Skies and sea are mostly grey at present with the odd clear blue spell. Last night I star and moon gazed, leaning backwards out of the cockpit with my head resting on a winch.
The BIG difference compared to setting off across the Atlantic last New Year’s Eve is the lack of swell. Zoonie has no resistance to her progress and can make the most of the light airs. She is sailing under full main and genoa with a light beam wind at present and it looks set to last. Sometimes we have to motor for a few hours when the wind drops right away but we are mostly sailing.
The new watch system works well, thanks Jane and Paul. We feel more rested in the day and I think we get less dehydrated because we are not up and down so much.

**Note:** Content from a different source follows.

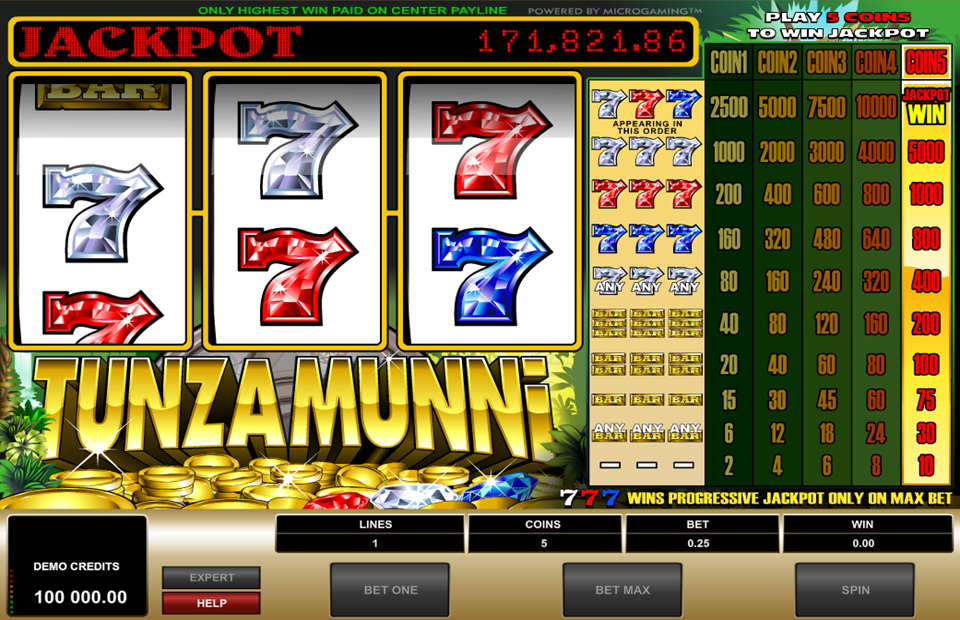 Microgaming Tunzamunni Slot Review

On the second day I made a fish stew from the Spanish Mackerel we bought in Bahia market and it lasted three evening meals. As I speak Rob is making a new daisy chain for the fishing line. If you remember the last one was bitten off by a large predator. I did offer him strips of white fabric from an old, very old, pair of knickers but he declined. So it could be fresh fried fish tonight!
I often ask myself, why are we doing this? The answer is of course manyfold but one particular reason is a curiosity about the world and all that goes on in it. This is illustrated clearly when we come across a new to us species of animal or plant. Apart from the awe whales and dolphins bring on a daily basis at the moment we have been visited by swallow tailed gulls with their pretty pale grey heads and pink rimmed spectacles fishing in Zoonie’s wash at night and our first albatross.

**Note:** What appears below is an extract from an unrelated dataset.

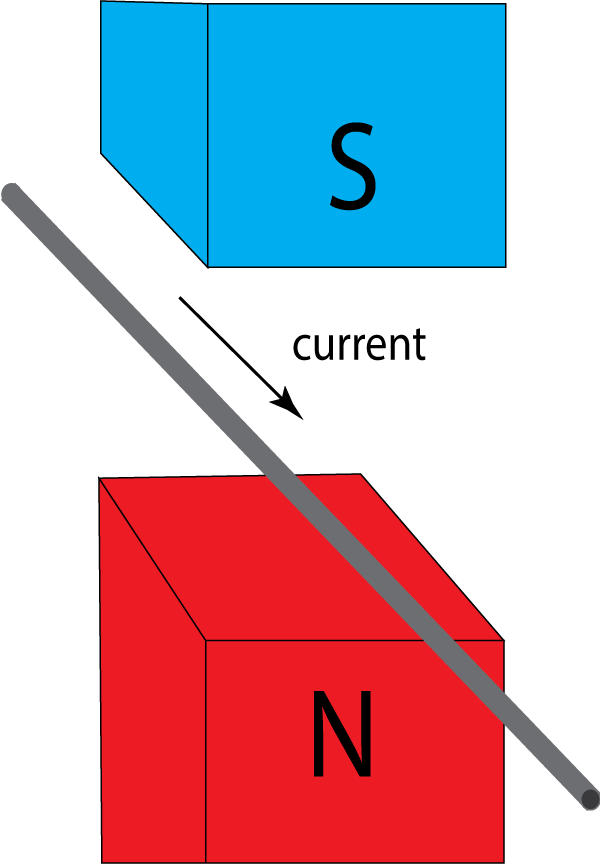 horizontal wire in a magnetic field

The waved albatross frequents the Galapagos Islands and breeds on Espanola (Hood Island) which is barely 200 miles from us. So far we have had two visit us which pleases us as they are a Near- threatened species. They have whitish heads and a browny body.
At first we thought it was a pelican but soon ruled this out as the beak is different and a pale limey-yellow. They are impressive to watch flying just above the ocean with a wing-span of up to 95 inches. Our book (Seabirds of the World) says they would be seriously affected if the 1996 plans for long lining yellow fin tuna using squid as bait were brought into practice.

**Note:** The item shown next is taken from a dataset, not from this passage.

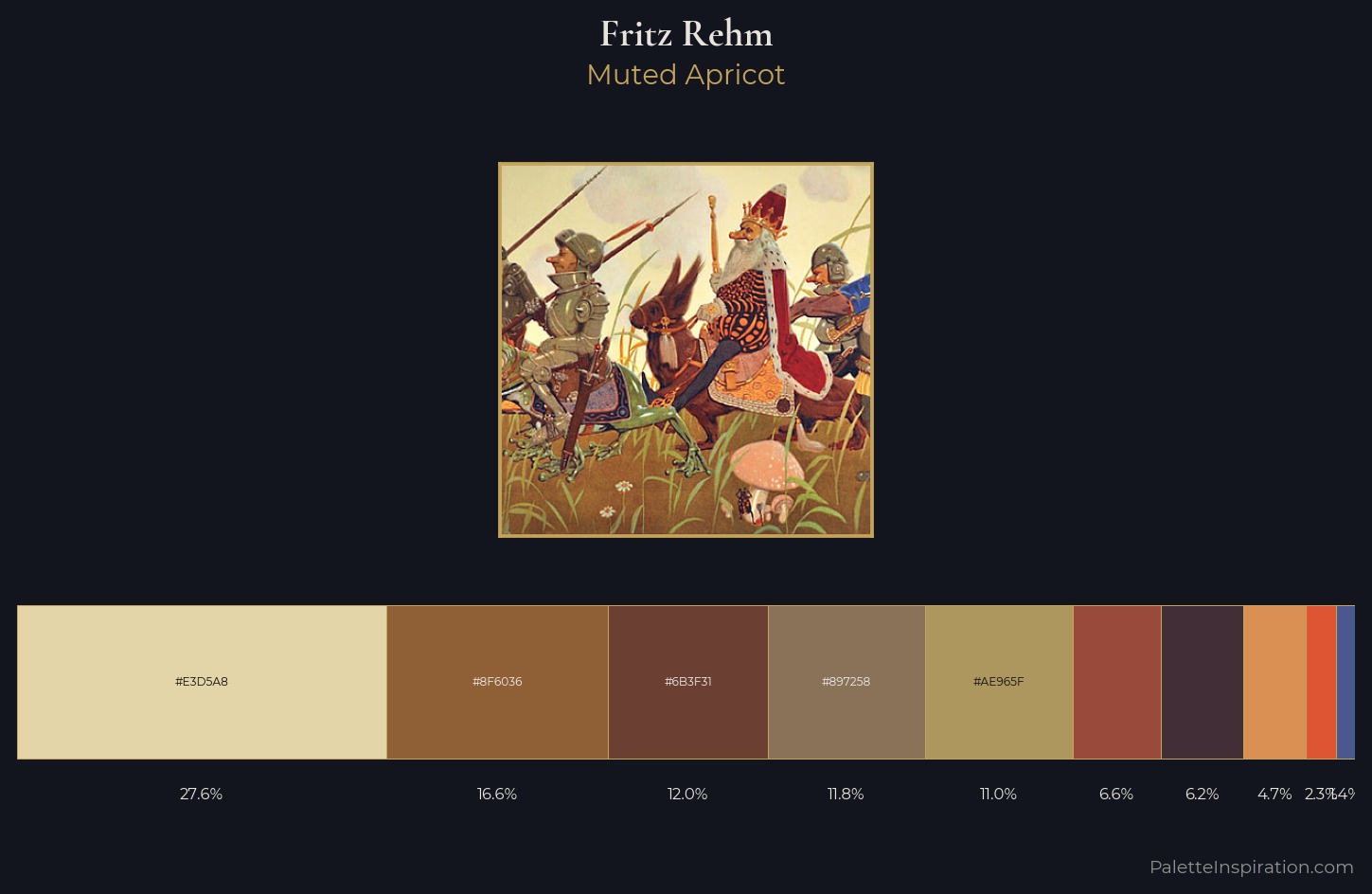 Fritz Rehm Palette 3 — Muted Apricot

Zoonie hardly leaves any wash behind her, her carbon footprint is a drop in the Ocean when she is under sail.
Our days have fallen into a routine of resting, eating, writing, reading and time is passing pleasantly, in two hours we will be on day 5 and tomorrow we will reach our waypoint south of the Galapagos Islands and then our next waypoint will be Hiva Oa in the Marquesas. The wind is backing towards the south east at the moment but it is too fickle to assume we are in the Trades yet.
Rob has just finished his new daisy chain and is setting it astern. I’m a little concerned it may attract birds so we’ll keep an eye on it.